── DATA ──

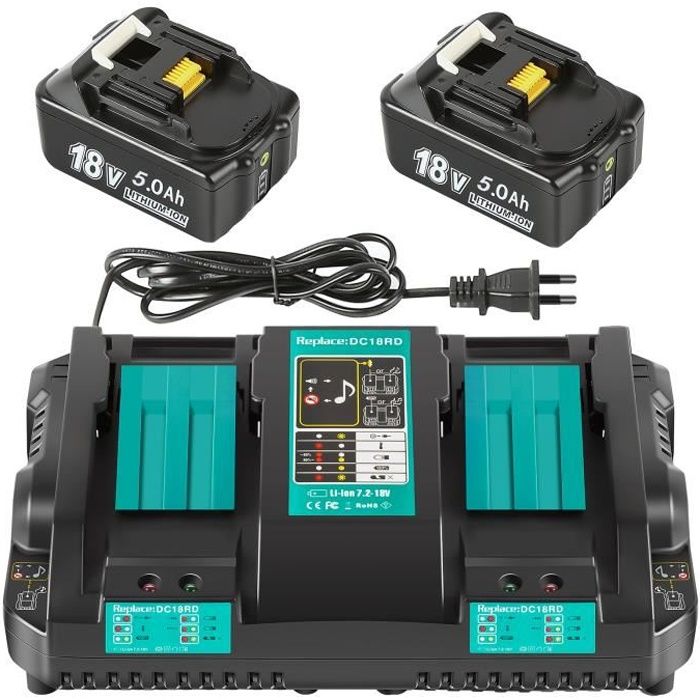 Remplacement Rapid Chargeur avec 2 Batteries 18V 5.0Ah pour Makita Radio de chantier DMR107 DMR108 DMR110 DMR114 DMR112 DMR100 DMR106 DMR102 DMR104 DMR101 DMR103B BMR100 Rechange Battery 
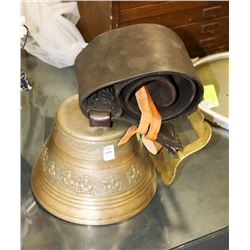 LATE 18TH CENTURY BRASS BELL, 8-1/2"D X 6-1/2"H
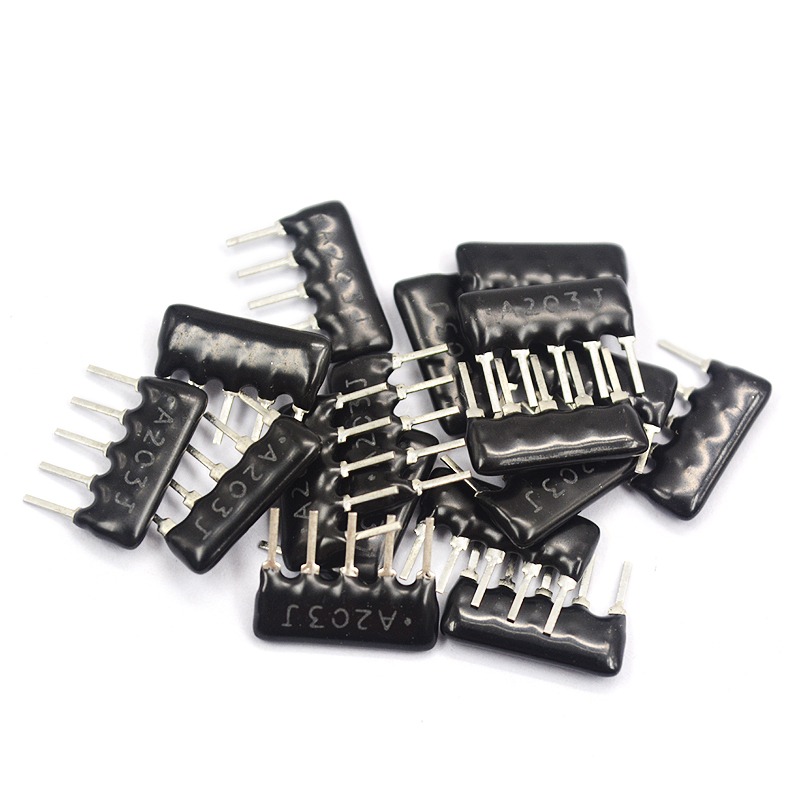 5腳排阻5P排列電阻1K 4.7K 10K 5.1K 2. A103J 102 222 472 512-細節圖2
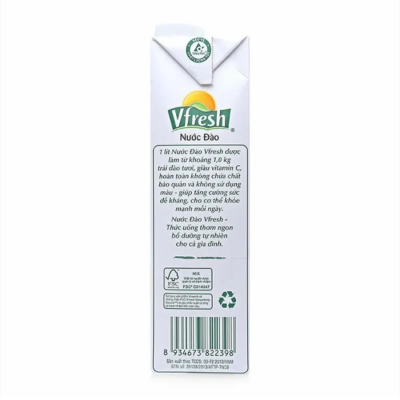 VFresh Peach Juice Drink 1L x 12 Boxes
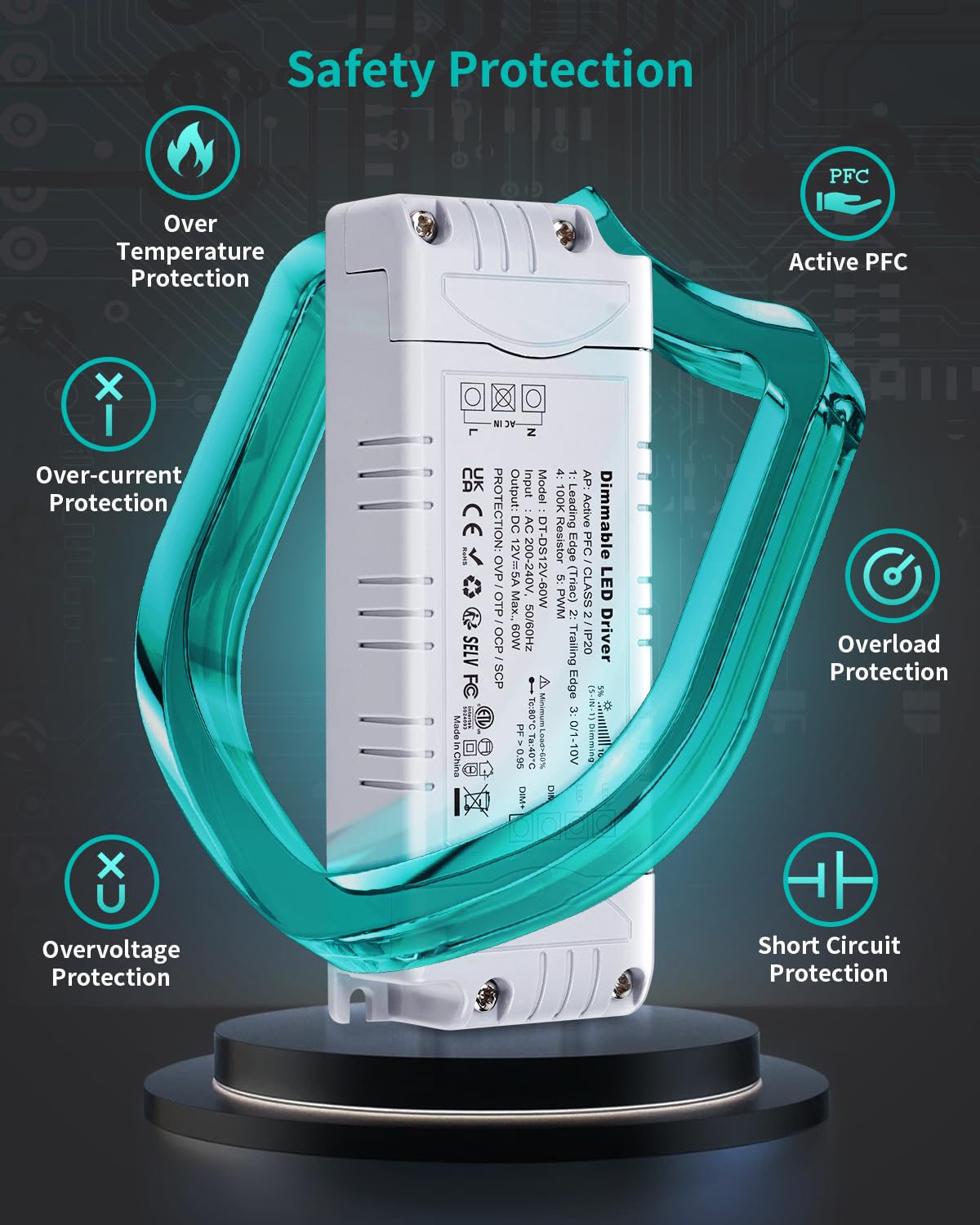 Detalle 2 de REYLAX 12V Dimmable Triac LED Driver (60W, 5A) — High PF, 240V to 12V Transformer
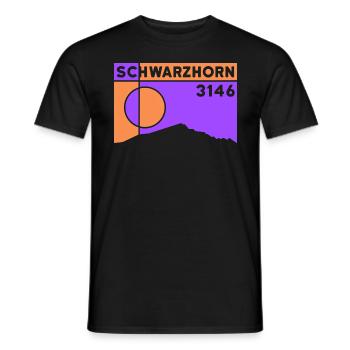 Flüela Schwarzhorn Davos Hiking Ski Touring High Tour - Men's T-Shirt - black - Front - AI Model Male 178 light (178cm)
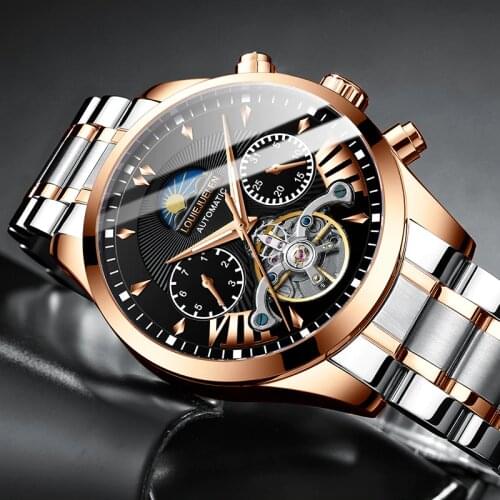 BELUSHI Men Automatic Watch Luxury Skeleton Tourbillon Clock Mens Stainless Steel Business Waterproof Mechanical Wristwatches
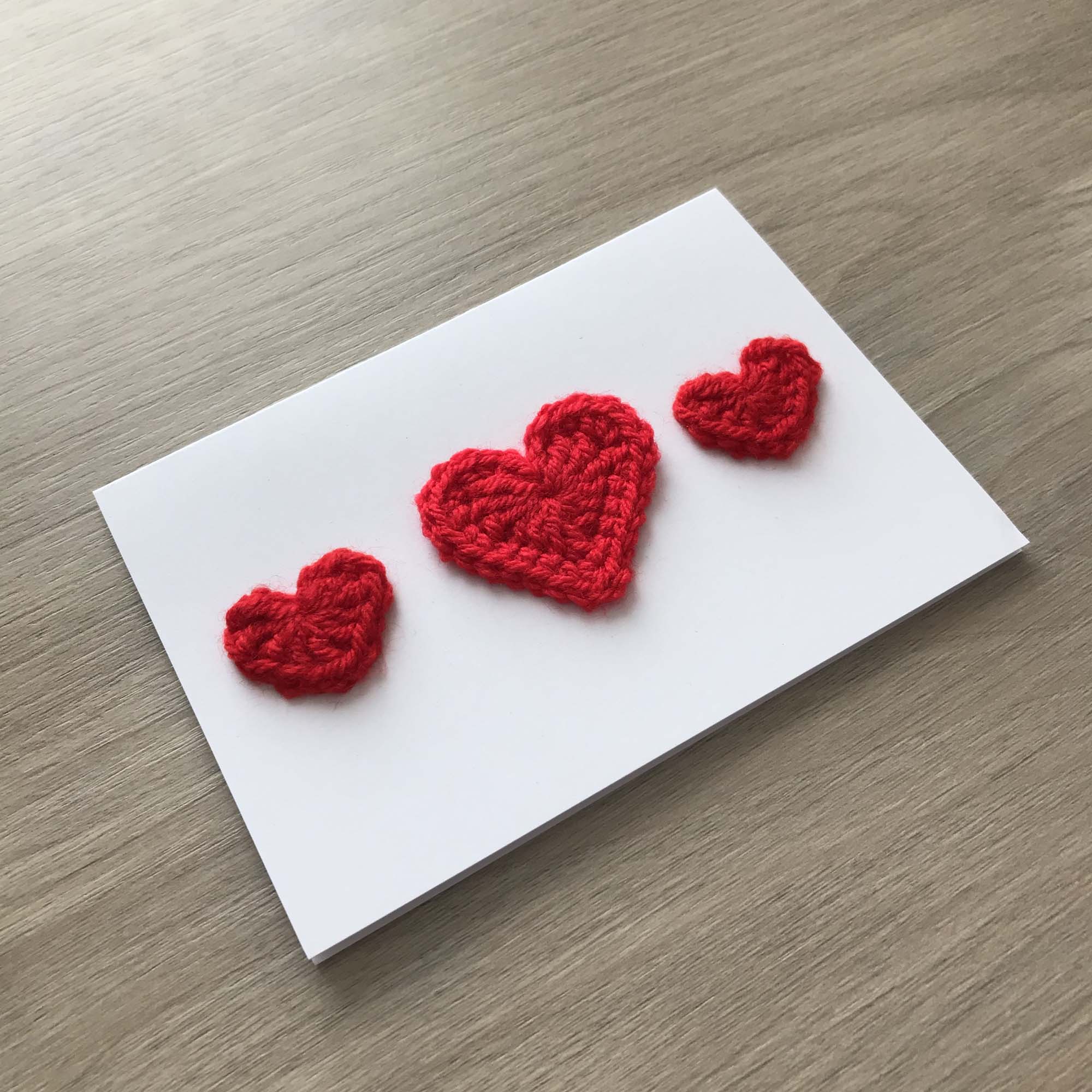 Crochet Red Trio of Hearts 100% Recycled Greetings Card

───

> TASK DIRECTIONS
Please quote the records above exactly, beginning at the line that contains "5腳排阻5P排列電阻1K 4.7K 10K" and ending at their last line. Leave the pictures out.

> TASK OUTPUT
 5腳排阻5P排列電阻1K 4.7K 10K 5.1K 2. A103J 102 222 472 512-細節圖2
 VFresh Peach Juice Drink 1L x 12 Boxes
 Detalle 2 de REYLAX 12V Dimmable Triac LED Driver (60W, 5A) — High PF, 240V to 12V Transformer
 Flüela Schwarzhorn Davos Hiking Ski Touring High Tour - Men's T-Shirt - black - Front - AI Model Male 178 light (178cm)
 BELUSHI Men Automatic Watch Luxury Skeleton Tourbillon Clock Mens Stainless Steel Business Waterproof Mechanical Wristwatches
 Crochet Red Trio of Hearts 100% Recycled Greetings Card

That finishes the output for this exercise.